The EU argues that Chequers poses a threat to the single market, since it would give the UK access to the single market for goods while cutting back on other basic EU principles, such as the free movement of people. . . .

By persisting with a scheme that was never going to work, May has squandered valuable time, increasing the chances that the U.K. will either (a) crash out of the EU (a disaster-in-waiting euphemistically known as the “WTO option“) or (b) will sign, effectively, a blank cheque (“Blind Brexit”) or (c) will agree to some sort of “vassal state” surrender.

To be sure, May’s job has been made infinitely more difficult by a band of Tory “hard Brexiteers,” a clown show so incompetent that they have still yet to come up with a credible plan, as well as by cleverly cynical maneuvering by the Labour-party leadership. Nevertheless, to have put Britain in the position it now faces has required reverse statesmanship of the highest order. And that’s what May has delivered.

What makes this mess all the more unforgivable is May’s refusal to accept a relatively straightforward alternative, remaining in the EU’s Single Market on a basis identical or akin to that enjoyed by non-EU Norway and two other countries. More unforgivably still, she appears (through proxies) to be lying about what the “Norway option” actually is.

Writing in the London Evening Standard, George Trefgarne (who sees “Norway” as the first stage in a longer withdrawal process — I’d be happy to stick with just Norway) explains:

Telling the truth in politics is, sadly, not as simple as it should be. Political parties regularly exaggerate claims during election campaigns. We raise an eyebrow but we understand.

When it comes to Brexit policy, the Government is apparently crossing a line. It has launched a social media campaign, #RoadtoBrexit, and there is a good argument that it breaches both Government Communications Service and Advertising Standards Association rules on accuracy and impartiality. Given that we, as taxpayers, are paying for it, this is pretty outrageous — and I write as someone who sympathises with implementing Brexit rationally.

For instance, one video featuring the Prime Minister claims that the deal Norway has with the EU wouldn’t deliver Brexit because “Norway is in the customs union” and we would have to pay “vast sums into the EU”. Neither of these points is correct.

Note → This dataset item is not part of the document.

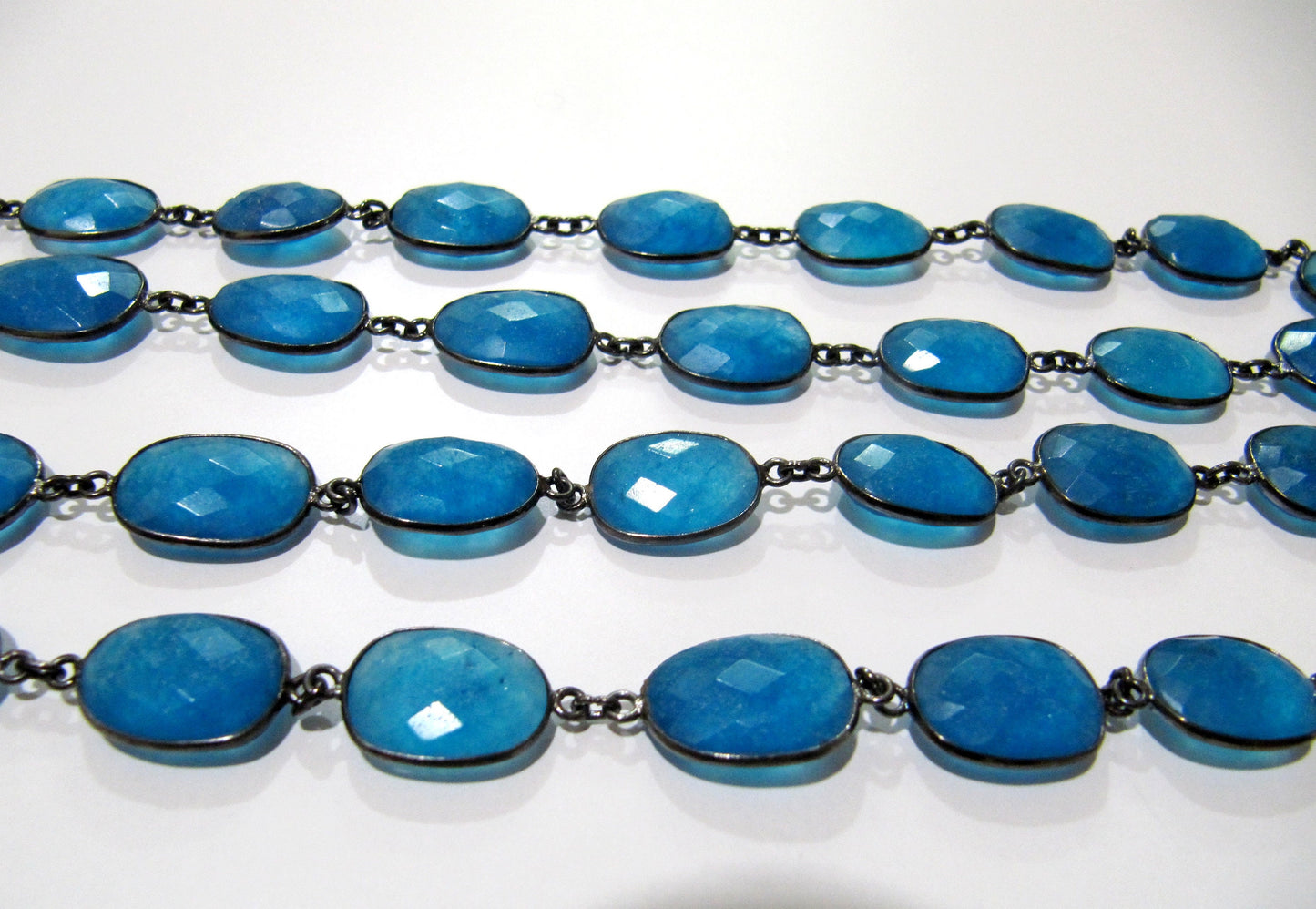 Natural Neon Apatite Jade Uneven  Free Shape Briolette Connector Chain Size 12-15mm Bezel chain Sold Per Foot High Quality Wholesale prices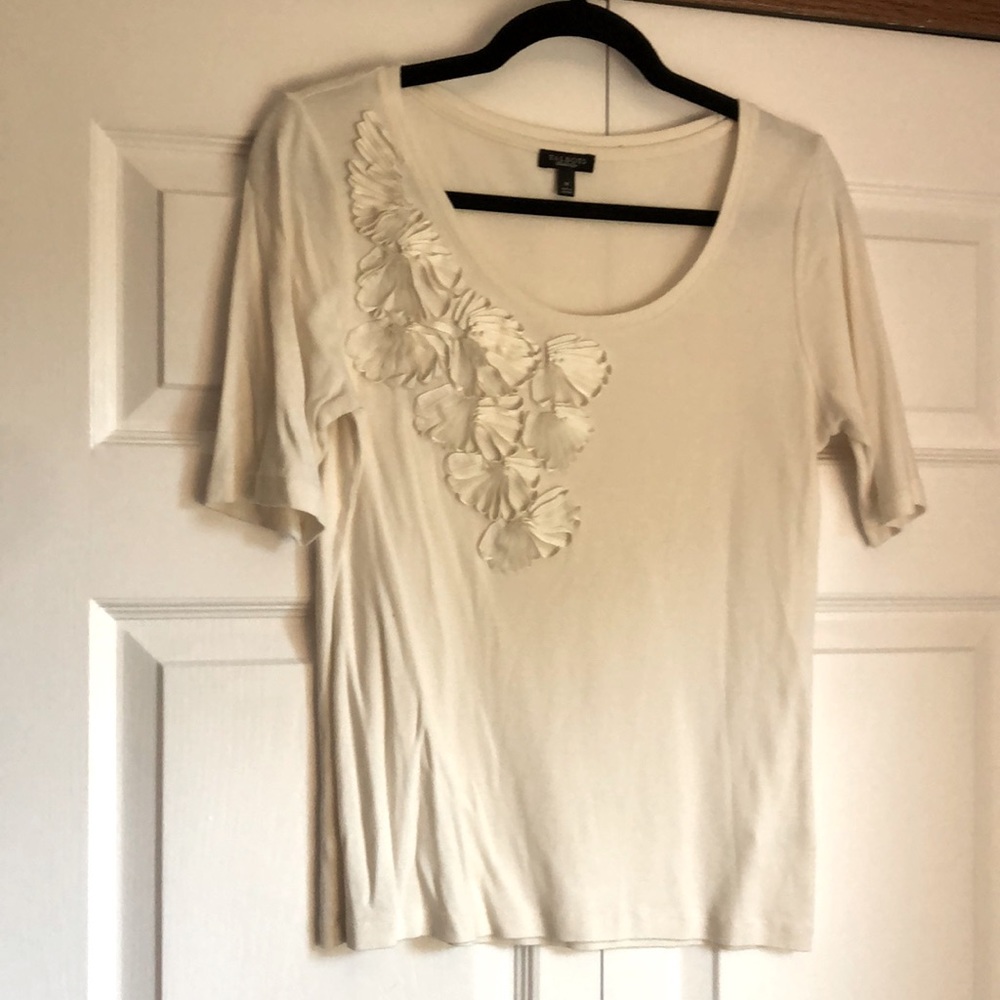 Talbots cream top with ribbon detailing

The untruths about the so-called Norway option are particularly galling because it is an alternative Brexit route which, unlike other plans, already exists and works. We are signatories to the relevant treaty and it delivers Brexit by providing tariff-free access to the single market but also giving back control over our borders, money, laws and — because it is outside the customs union — our trade policy. We could sign our own free trade deals (as Norway has done).

We’d have to sign up to free movement of workers, but British passports would return and there are numerous opt-outs and limitations we could adopt. And we’d be outside the common agricultural policy and the jurisdiction of the European Court of Justice.

Trefgarne asks why May’s government has removed the Norway option from the table and hazards this guess:

Most likely to create another false narrative, that it is Chequers or no deal. Well, that isn’t true. There is a working Brexit Plan B sitting on the shelf, if only the Government would admit it.

If I had to guess, that’s only a partial explanation. Another element is, I think, cowardice. Hamstrung by tricky parliamentary arithmetic, May is unwilling to confront the hard Brexiteers on the right. There’s also her lack of political imagination. She appears unable to see how opting for Norway would not only appeal across the bitter Brexit divide, but would also create a crisis within a Labour party led by hard Brexiteers (they want socialism in one country) but largely supported by Remain voters.

Whatever her motive, May now has nothing — and, as a result, sooner or later Britain will have Corbyn.